Когда приближался срок окончания моего обучения в МГУ, Е. А. Косминский сказал, что хотел бы взять меня в аспирантуру. Но он не скрыл, что пробиться в аспирантуру еврею будет трудно (на дворе был 1946 год), и поэтому предложил готовиться к тому, чтобы стать византологом. Дело в том, что Евгению Алексеевичу было поручено создать и возглавить в Академии наук сектор византиноведения, и он надеялся, что, сдав экзамены по специальности и древнегреческому, я в аспирантуру буду допущен. Меня этот вариант не слишком воодушевил, но делать было нечего, да и вся жизнь у меня была впереди. Я начал усердно заниматься языком Гомера и Платона у милейшего Виктора Сергеевича Соколова и даже сделал некоторые переводы с древнегреческого, включенные в «Хрестоматию по истории древнего мира». Вступительный экзамен по языку был успешно сдан.
Однако вскоре после того, как меня все‑таки зачислили в аспирантуру, я начал все более отчетливо ощущать нарастающую неприязнь к предмету моих штудий. Византийские порядки слишком напоминали мне советскую сталинскую действительность. После некоторых колебаний я решился обратиться к Косминскому с просьбой возвратить меня к занятиям по истории раннесредневековой Англии.

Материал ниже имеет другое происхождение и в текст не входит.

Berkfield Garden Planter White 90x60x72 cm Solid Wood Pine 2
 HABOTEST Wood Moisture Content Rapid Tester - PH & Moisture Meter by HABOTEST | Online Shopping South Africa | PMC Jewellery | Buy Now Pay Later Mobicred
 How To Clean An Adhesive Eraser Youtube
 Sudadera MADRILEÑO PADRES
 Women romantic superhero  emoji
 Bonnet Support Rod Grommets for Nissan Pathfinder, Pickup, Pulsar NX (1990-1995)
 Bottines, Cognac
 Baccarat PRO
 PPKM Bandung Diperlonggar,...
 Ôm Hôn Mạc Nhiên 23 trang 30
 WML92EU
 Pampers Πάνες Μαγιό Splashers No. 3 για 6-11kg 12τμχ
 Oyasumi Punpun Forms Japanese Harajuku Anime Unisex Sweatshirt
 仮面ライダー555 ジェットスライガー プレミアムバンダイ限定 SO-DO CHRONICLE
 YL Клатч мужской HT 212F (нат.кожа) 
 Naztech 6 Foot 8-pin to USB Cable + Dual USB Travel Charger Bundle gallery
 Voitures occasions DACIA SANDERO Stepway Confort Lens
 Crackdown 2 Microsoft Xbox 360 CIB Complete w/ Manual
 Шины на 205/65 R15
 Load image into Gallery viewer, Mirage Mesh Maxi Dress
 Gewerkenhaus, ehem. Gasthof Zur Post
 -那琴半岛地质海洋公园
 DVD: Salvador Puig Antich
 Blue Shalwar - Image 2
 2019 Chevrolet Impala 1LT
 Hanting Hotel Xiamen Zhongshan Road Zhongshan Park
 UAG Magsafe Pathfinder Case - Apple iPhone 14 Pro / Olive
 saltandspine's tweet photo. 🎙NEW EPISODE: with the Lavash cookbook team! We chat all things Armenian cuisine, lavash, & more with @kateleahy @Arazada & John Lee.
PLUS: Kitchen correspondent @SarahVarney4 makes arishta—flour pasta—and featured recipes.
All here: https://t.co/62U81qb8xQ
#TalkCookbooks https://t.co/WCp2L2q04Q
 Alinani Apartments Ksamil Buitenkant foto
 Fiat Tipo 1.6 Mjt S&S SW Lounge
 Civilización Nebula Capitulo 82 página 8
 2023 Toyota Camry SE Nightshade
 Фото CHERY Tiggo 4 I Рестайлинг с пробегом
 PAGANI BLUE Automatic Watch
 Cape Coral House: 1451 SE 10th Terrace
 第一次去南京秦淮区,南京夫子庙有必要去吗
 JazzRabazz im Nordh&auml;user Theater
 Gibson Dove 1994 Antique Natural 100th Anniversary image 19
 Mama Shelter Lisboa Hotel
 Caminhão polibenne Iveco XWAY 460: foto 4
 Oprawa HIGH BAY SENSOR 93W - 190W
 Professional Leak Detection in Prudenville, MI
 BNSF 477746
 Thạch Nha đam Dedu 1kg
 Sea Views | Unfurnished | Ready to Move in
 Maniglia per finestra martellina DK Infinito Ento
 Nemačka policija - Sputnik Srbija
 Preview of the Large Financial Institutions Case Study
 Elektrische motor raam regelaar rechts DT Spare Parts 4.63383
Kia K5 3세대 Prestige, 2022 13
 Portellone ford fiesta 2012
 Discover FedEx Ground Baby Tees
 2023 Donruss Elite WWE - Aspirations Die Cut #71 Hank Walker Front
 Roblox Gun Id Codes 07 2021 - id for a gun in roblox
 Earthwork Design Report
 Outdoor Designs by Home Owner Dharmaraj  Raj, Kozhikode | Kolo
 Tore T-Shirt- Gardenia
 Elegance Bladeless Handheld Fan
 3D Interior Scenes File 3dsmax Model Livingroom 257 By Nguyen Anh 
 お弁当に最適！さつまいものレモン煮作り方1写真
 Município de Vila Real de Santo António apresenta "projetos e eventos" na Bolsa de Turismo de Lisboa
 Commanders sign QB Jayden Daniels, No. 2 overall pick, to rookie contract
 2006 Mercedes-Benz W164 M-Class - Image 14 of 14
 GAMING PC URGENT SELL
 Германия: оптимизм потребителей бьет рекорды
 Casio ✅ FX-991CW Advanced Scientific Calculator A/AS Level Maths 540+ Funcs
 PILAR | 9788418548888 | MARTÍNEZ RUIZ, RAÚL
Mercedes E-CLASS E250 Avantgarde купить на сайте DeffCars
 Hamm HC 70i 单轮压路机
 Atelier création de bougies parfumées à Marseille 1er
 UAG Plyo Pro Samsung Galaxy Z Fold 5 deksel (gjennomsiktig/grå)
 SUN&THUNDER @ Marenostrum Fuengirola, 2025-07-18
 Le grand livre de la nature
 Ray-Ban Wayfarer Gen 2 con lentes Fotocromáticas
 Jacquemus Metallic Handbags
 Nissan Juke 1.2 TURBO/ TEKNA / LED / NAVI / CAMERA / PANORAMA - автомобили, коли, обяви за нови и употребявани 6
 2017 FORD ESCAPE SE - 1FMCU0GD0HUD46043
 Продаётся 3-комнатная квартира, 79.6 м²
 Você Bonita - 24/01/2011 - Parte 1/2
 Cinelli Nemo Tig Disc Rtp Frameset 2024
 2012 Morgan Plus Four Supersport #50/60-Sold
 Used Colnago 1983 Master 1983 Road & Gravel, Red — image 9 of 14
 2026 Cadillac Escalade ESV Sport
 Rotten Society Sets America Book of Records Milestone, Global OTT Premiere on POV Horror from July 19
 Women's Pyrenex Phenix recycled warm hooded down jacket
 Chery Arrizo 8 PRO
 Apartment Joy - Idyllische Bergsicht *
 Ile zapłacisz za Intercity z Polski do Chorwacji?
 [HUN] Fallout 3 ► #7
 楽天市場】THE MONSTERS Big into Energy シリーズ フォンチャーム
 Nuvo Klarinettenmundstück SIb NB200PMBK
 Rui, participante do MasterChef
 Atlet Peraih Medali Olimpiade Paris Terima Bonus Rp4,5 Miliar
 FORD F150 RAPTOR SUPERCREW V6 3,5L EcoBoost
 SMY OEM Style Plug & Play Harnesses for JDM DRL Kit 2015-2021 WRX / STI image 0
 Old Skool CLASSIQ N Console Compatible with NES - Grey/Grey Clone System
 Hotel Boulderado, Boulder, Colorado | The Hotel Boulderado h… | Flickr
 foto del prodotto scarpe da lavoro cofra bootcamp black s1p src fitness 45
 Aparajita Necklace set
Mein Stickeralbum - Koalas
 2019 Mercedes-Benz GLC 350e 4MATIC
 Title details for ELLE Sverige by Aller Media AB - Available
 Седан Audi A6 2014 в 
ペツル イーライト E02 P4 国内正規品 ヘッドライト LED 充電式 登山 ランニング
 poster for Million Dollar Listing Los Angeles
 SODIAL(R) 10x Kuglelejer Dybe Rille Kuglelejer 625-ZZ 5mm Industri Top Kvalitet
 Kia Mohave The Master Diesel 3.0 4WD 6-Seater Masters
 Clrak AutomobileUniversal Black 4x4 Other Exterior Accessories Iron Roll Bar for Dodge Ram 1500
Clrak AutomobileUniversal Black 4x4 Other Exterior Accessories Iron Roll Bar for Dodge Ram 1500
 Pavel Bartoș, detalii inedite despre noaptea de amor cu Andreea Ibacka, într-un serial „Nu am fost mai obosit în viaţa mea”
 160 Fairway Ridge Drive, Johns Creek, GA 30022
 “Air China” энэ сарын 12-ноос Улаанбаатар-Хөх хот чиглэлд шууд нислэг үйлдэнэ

К моему радостному удивлению, когда я пришел к нему с тем, чтобы изложить эту просьбу, Е. А. сам предложил мне вернуться на английскую почву.
Тем не менее я уже был отягощен некоторыми соображениями по поводу истории Византии VI века. Незадолго до того византолог М. В. Левченко напечатал статью, в которой утверждал, что происшедшее при императоре Юстиниане знаменитое восстание «Ника» — мятеж, начавшийся на ипподроме, где состязались возницы, пользовавшиеся поддержкой разных цирковых партий, — по своей социальной природе было конфликтом между землевладельческими и торговыми кругами. С В. С. Соколовым мы изучали «Тайную историю» Прокопия Кесарийского и другие памятники, и у меня сложилось прочное убеждение, что это выступление не имело никакого отношения к классовой борьбе. Бес подбил меня написать статью с критикой «концепции» Левченко и подать ее в редакцию «Византийского временника». Это мое сочинение, разумеется, было отвергнуто. Но что примечательно: критиком выступил Виктор Никитич Лазарев, крупный искусствовед, специалист по истории византийской иконописи и ранней итальянской живописи. В своем отзыве на мою рукопись он винил автора в том, что тот посягнул на лучшие достижения советского византиноведения.